Define the relative importance of different cellular sources : it was unexpectedly observed that lymphatic endothelial cells (LEC) constitutively express PTX3 and that PTX3 accumulates selectively around lymphatic vessels. Recent results demonstrate that the perilymphatic ECM likely plays a key role in the function of these vessels. Given the role of PTX3 as integral component of ECM, we will evaluate whether PTX3 could confer viscoelastic properties to the perilymphatic ECM, hence playing a role in fluid and cell traffic at sites of inflammation.

 

PTX3 as marker of pathology : the development of specific reagents for the identification of PTX3 in biological fluids allows the measurement of PTX3 levels in humans. PTX3 levels are increased in different pathological conditions with an inflammatory or infectious origin and in some context correlate with severity of disease.

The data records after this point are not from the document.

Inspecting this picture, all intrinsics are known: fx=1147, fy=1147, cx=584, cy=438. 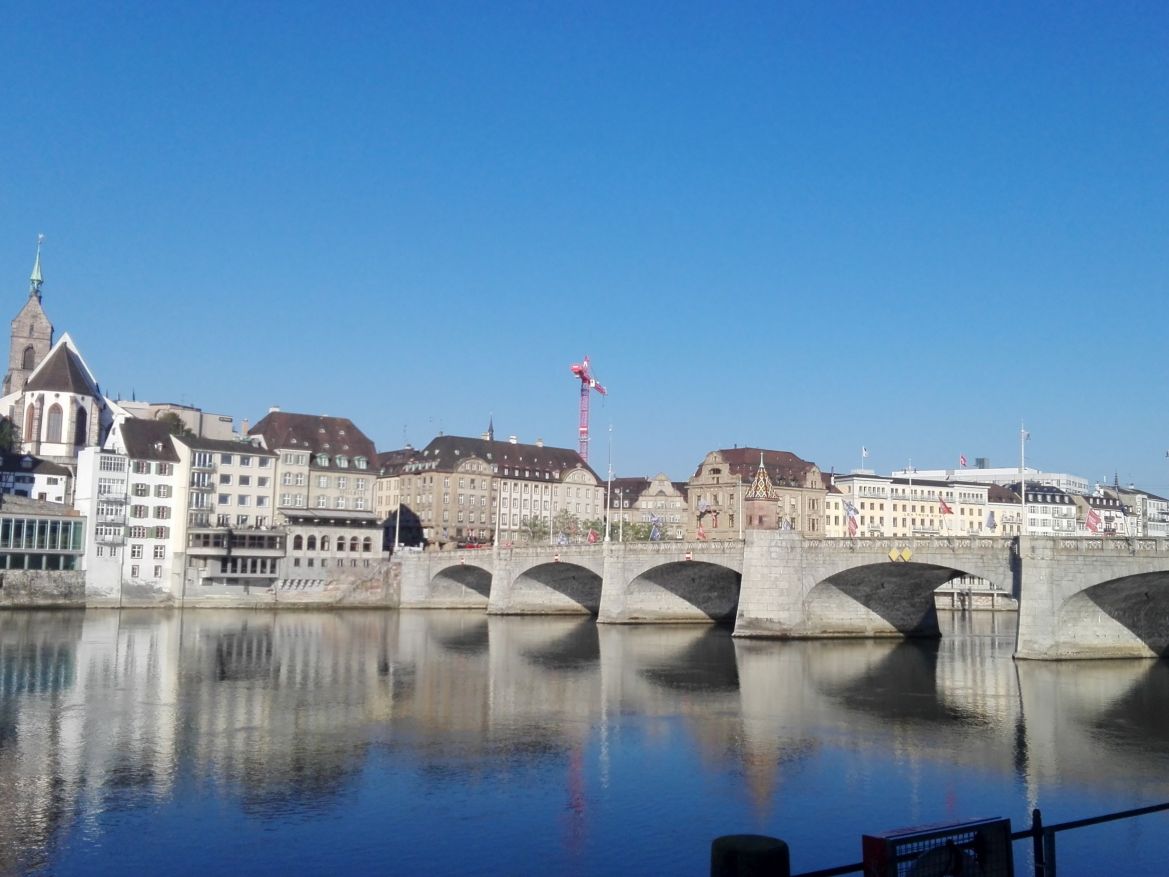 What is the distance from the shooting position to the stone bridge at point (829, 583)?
5978 cm

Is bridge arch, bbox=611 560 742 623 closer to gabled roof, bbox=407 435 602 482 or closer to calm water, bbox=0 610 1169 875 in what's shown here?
calm water, bbox=0 610 1169 875

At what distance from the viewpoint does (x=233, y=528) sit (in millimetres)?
109562

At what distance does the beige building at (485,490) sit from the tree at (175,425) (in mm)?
30711

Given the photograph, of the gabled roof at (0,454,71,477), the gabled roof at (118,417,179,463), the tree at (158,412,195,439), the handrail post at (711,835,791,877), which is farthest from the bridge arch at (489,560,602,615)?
the handrail post at (711,835,791,877)

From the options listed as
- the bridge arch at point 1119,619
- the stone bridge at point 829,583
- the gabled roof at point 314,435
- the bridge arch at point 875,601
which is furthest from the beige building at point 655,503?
the bridge arch at point 1119,619

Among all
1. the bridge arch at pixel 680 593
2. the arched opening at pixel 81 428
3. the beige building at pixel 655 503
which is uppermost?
the arched opening at pixel 81 428

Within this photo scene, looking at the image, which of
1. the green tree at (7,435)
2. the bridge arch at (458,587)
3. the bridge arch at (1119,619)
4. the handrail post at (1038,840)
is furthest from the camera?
the green tree at (7,435)

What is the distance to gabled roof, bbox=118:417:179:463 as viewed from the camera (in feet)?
358

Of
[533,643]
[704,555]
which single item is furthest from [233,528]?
[704,555]

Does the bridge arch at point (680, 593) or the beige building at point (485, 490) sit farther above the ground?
the beige building at point (485, 490)

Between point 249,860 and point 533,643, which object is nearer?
point 249,860

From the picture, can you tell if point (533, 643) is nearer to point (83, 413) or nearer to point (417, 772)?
point (417, 772)

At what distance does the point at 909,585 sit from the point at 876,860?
220 feet

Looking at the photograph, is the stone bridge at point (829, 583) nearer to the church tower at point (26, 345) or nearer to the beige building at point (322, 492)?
the beige building at point (322, 492)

In collaboration with different clinical groups from Istituto Clinico Humanitas and from other hospital, efforts are conducted to validate the use of PTX3 as early marker and prognostic factor for different human pathologies.

 

Provisional of reagents : evaluation of PTX3 levels in biological fluids are made possible by an ELISA assay developed on the basis of our original reagents. The Laboratory is in charge for the purification of human and models' recombinant PTX3, human N- and C- terminal PTX3 domains, polyclonal and monoclonal antibodies against both human and models' protein. Purified reagents are used in our day-to-day activity, both in in vitro and in vivo assays,  and are distributed on a collaborative basis to various external groups.